When he finished, the Deputy Commander read aloud the prayer before going out to battle. “Repeat after me,” he ordered, and a whole regiment of hundreds of soldiers yelled out, “Ana Hashem hoshia na! Ana Hashem hatzlicha na! [O G-d, save us! O G-d, grant us success!]” After the prayer, the Deputy Commander asked me to blow the Shofar, just as thousands of years ago when we conquered the Holy Land.
Though I’ve blown the Shofar in public before, this particular time was something that will remain with me my whole life. And then, as if I and the Israel Air Force were in perfect coordination, the very second that I finished blowing the Shofar, our planes bombed the enemy area, as if it were a signal to begin the ground offensive.
The soldiers lined up in two columns, and as I parted from them with handshakes, I thought to myself, “What a special nation we have! This is how a Jewish army looks as it goes out to war – not with boastful ‘We will win’ stickers, but rather ‘We will win with G-d’s help.’”

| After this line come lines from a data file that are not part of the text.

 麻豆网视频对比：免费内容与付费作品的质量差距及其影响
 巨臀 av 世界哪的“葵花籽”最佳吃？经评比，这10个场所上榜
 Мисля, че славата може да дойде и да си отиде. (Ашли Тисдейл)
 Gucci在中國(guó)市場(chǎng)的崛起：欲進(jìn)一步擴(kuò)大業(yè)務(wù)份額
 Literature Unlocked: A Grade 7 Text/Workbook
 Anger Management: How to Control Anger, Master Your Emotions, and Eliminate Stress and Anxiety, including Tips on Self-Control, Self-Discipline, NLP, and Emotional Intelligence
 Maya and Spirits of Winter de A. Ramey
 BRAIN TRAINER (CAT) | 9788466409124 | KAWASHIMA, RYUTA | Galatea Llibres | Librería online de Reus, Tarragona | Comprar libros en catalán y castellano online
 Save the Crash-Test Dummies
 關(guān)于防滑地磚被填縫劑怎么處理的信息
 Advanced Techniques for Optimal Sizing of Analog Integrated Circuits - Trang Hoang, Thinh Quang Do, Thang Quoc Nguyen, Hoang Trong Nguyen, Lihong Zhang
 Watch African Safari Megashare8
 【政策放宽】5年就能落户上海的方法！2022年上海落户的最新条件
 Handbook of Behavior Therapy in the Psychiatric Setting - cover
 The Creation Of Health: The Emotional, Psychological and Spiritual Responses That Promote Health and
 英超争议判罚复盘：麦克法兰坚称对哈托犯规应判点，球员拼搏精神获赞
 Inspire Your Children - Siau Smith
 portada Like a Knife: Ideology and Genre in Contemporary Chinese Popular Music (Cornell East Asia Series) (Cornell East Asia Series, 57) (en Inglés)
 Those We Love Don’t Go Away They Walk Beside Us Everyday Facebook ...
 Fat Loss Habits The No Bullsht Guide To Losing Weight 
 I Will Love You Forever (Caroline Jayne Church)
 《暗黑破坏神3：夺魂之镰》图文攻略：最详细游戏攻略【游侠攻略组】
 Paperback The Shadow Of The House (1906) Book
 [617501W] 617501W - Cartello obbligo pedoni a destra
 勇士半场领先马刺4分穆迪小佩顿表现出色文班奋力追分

I will just end by saying that where I live in Modi'in Illit, we have a clever interpretation of the verse ‘G-d’s voice is powerful’: The word for 'power' is spelled with the letters kaf and chet, which we say are the initials of kova and chalifa [hat and suit], our usual garb. But as of this week, we now know that they are also the initials of the kumtah chumah [brown beret] worn by the Golani soldiers. There, too, the voice of G-d is heard – and “lo pligi” (there is no argument between the two, both are right).